C'est un point sur lequel beaucoup de porteurs de projet se trompent : lire le chapitre « zone U » sans descendre au sous-secteur « Ub » conduit à appliquer les mauvaises règles. Vérifiez le libellé exact affiché sur le plan de zonage.
Les prescriptions superposées
Au-delà du zonage, la carte peut porter des prescriptions qui s'ajoutent :
Ces prescriptions sont invisibles pour qui ne lit que le zonage. Elles figurent sur le plan et dans la légende.
Lire le règlement : les 6 articles à décrypter
Le règlement de zone peut faire vingt pages. Six règles suffisent à cadrer la faisabilité d'un projet courant.

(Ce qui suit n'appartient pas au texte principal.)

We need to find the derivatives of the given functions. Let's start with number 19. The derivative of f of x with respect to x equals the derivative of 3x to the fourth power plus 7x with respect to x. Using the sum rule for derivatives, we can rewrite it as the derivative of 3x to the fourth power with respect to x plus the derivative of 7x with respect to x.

1. L'implantation par rapport aux limites séparatives
C'est la règle la plus contraignante en pratique.
Formulations courantes :
- « Les constructions doivent être implantées en limite séparative ou à une distance minimale de 3 mètres »
- « La distance comptée horizontalement de tout point du bâtiment au point le plus proche de la limite séparative doit être au moins égale à la moitié de la hauteur du bâtiment, sans pouvoir être inférieure à 3 mètres » — c'est la règle dite « H/2 avec minimum de 3 m »
Ce qu'il faut vérifier : la distance s'applique-t-elle à toutes les limites ou seulement aux limites latérales ? Y a-t-il une règle particulière pour les annexes ? Une hauteur maximale est-elle imposée en cas d'implantation en limite ?
2. L'implantation par rapport aux voies publiques
Souvent un recul minimal, parfois un alignement imposé. C'est cette règle qui interdit fréquemment l'extension en façade sur rue.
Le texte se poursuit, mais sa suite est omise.